Justice Thomas Faces Down Critics
Washington Post Staff Writer
Thursday, July 30, 1998; Page A01
MEMPHIS, July 29Supreme Court Justice Clarence Thomas faced down some of his harshest critics today, telling the nation's largest organization of black lawyers that he will not succumb to pressure to alter his conservative legal views even if it means being branded a traitor to his race.
In a simultaneously plaintive and defiant address before the National Bar Association, the court's lone African American justice said he will not give in to pressure to "follow the prescription assigned to blacks" and that those who expect him to think a certain way because of his race are denying his "humanity" and want him to be "an intellectual slave."
Thomas's appearance marked the first time that the justice has so squarely confronted his critics and demonstrated his continued resolve to take on his detractors even in the face of criticism that often takes on a scathing, personal tone.
Since President George Bush appointed him to the Supreme Court seven years ago, Thomas has been vilified by many African American leaders who see him as a key figure in the high court's efforts to dismantle affirmative action and other race-conscious initiatives that benefited Thomas himself and helped to create a generation of black professionals.

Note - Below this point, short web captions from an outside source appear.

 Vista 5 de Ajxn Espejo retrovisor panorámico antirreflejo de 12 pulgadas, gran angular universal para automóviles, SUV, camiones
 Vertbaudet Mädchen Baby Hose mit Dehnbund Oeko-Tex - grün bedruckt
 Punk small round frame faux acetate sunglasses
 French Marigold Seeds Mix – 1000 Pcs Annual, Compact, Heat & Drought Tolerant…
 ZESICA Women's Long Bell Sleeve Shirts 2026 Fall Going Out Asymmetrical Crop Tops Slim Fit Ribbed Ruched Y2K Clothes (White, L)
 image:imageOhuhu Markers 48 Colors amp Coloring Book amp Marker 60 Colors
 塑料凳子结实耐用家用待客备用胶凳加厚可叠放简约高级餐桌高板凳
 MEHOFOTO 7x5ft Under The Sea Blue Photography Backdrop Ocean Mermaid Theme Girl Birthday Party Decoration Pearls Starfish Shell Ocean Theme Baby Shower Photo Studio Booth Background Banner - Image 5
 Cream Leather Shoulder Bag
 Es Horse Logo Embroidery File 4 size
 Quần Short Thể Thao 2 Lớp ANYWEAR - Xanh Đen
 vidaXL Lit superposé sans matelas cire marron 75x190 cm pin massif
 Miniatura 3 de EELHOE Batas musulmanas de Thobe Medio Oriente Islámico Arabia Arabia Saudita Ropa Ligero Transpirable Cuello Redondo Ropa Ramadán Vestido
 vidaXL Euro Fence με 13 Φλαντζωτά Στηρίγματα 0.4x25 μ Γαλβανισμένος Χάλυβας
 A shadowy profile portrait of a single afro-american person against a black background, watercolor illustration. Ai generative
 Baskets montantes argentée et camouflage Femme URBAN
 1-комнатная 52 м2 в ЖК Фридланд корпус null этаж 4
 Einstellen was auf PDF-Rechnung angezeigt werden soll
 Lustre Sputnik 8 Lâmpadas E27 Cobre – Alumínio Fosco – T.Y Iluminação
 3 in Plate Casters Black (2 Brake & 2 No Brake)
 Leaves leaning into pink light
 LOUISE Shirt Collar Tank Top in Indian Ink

Yet Thomas's refusal to grasp the mantle of his predecessor, Justice Thurgood Marshall, and the apparent delight he sometimes takes in snubbing his critics have created the odd phenomenon of the nation's highest-ranking African American government official being widely shunned by African Americans. In his speech today, Thomas made clear he has not become inured to the reaction, nor is he changing his views because of it.
"It pains me deeply, more deeply than any of you can imagine, to be perceived by so many members of my race as being a harm," Thomas said. "All the sacrifice, all the long hours studying, were to help, not to hurt."
Thomas also angrily dismissed as "psycho-silliness" speculation by critics who call his views evidence of his self-hatred or a racial identity crisis. "Despite some of the nonsense that has been said about me by those who should know better . . . I am a man, a black man, an American."
To many of his detractors, Thomas holds a special trust, partly because he replaced Marshall, the court's first black justice. Yet he opposes many of the policies Marshall championed.
In consistently siding with the most conservative faction of the court, Thomas has angered many African Americans, particularly by opposing affirmative action and other forms of racial preference, which he has labeled racist and insulting because they imply an inferiority that demands extra help. He also has taken unpopular stands on voting rights and criminal justice.
"Justice Thomas's views are contrary to everything we hold dear," said H. Michael Harvey, an Atlanta lawyer. "He replaced the black justice. . . . Certainly, he has a special responsibility to African Americans."
Ultimately, no placards encouraging protest materialized during Thomas's speech and only about a dozen people walked out. However, shortly before Thomas took the podium, Illinois Judge Shelvin Hall criticized the grim-faced justice as someone who is rolling back the gains of the civil rights movement. Hall was sworn in as chairwoman of the NBA's Judicial Council.
Such controversy is familiar to Thomas. Two years ago, officials in Prince George's County invited, disinvited, then reinvited Thomas to speak at a school ceremony. Last year, the Maryland NAACP protested and derailed a speech Thomas was to give at a youth festival. He ended up not going.
The antipathy toward Thomas extends to a significant segment of the African American community. A 1996 national poll by the Joint Center for Political and Economic Studies found that 44 percent of the nation's blacks had an unfavorable view of Thomas, while 32 percent viewed him positively.
Thomas has rarely confronted his critics, declining most media interview requests and accepting invitations to speak mostly before conservative or neutral audiences.
Thomas hosted and officiated at the 1994 wedding of conservative talk show host Rush Limbaugh, a move that some say cheapened his position and conveyed Thomas's disregard for his critics. In 1984, as chairman of the Equal Employment Opportunity Commission, Thomas was dismissive of traditional black leaders, who he said "moan and moan, whine and whine."
And in a recent story in Esquire magazine, Thomas is quoted as advising a black, college-bound student to avoid black studies courses. In his seven years on the court, Thomas has hired only one black law clerk.
Today, Thomas called on his critics to move forward. "Isn't it time to realize," he asked, "that being angry with me solves no problems?"